The vulnerability exposes a brittle parsing routine inside the conntrack helper for FTP. Attackers can craft a single packet from any reachable network position—even an external IP—and send it to an FTP server protected by affected Open vSwitch instances. The resulting crash doesn’t just affect the FTP service; it tears down the entire openvswitch daemon, causing a complete withdrawal of all switching and routing functions. In environments where Open vSwitch runs in userspace, such as many Windows deployments using Hyper-V virtual switches or Azure Stack HCI’s network controller, the impact is immediate and widespread.

What Makes CVE-2026-34956 So Dangerous

The FTP ALG is meant to inspect control-channel commands like PORT, PASV, and EPASV so the conntrack module can dynamically allow data connections through the firewall. This is a common feature in many network stacks, but Open vSwitch implements it inside the ovs-vswitchd process. When a specially crafted EPASV command—designed for Extended Passive Mode in modern FTP—contains an argument that is too long, the parser triggers an out-of-bounds memory access or a null-pointer dereference, depending on the configuration. The Open vSwitch developers confirmed that the bug lives in the parse_ftp_epsv_cmd function, where an unsanitized length check allows a buffer overflow on the stack.

Because ovs-vswitchd runs with elevated privileges and is responsible for all packet forwarding, its crash takes down the entire virtual network. Cloud tenants relying on software-defined networking (SDN) lose their connections. Container pods behind a crashed instance can no longer communicate. Recovery often requires a manual restart of the service, and during that interval, attackers can repeat the exploit to sustain a denial of service. The vulnerability scores a CVSS 3.1 base of 8.6 (AV:N/AC:L/PR:N/UI:N/S:C/C:N/I:N/A:H), highlighting its remote exploitability and severe availability impact.

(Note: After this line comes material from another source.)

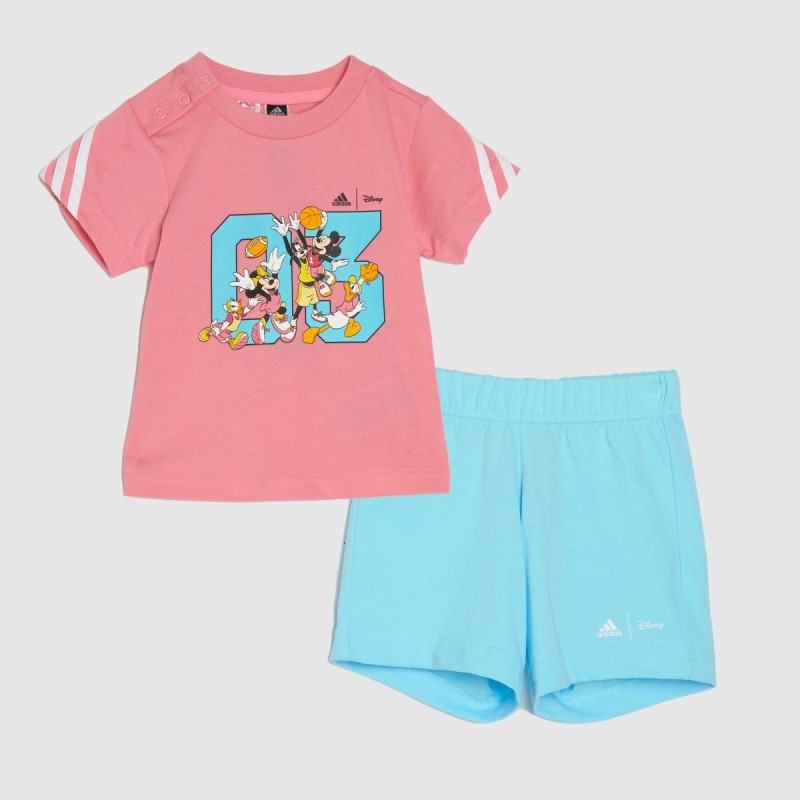 Dr.Martens NZ Adidas Disney T-Shirt And Short Set Pink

Why Windows Teams Must Pay Attention

Open vSwitch is not just a Linux curiosity. Microsoft has bundled and extended Open vSwitch for several products:

  • Hyper-V Virtual Switch: With the Hyper-V extensible switch, administrators can enable the Open vSwitch extension to replace the default Windows filter driver. This is common in development and test environments that mimic cloud deployments, and it is the foundation for Microsoft’s own software load balancer and Network Controller in Azure Stack HCI.
  • Windows Containers: Docker on Windows can use Open vSwitch for networking when deployed with a transparent network driver. Many orchestrators, including Kubernetes, rely on Open vSwitch for overlay networks like Flannel or OVN.
  • Azure Stack HCI and SDN: Microsoft’s hyperconverged infrastructure platform makes heavy use of Open vSwitch for security groups, quality of service, and routed networks. The Network Controller pushes policies to the Open vSwitch instance on every host.
  • Visual Studio and Dev Environments: Developers running Linux containers on Windows often install Open vSwitch through the Windows Subsystem for Linux or through tools like Minikube. These may not be production-critical, but they can still be abused as pivot points.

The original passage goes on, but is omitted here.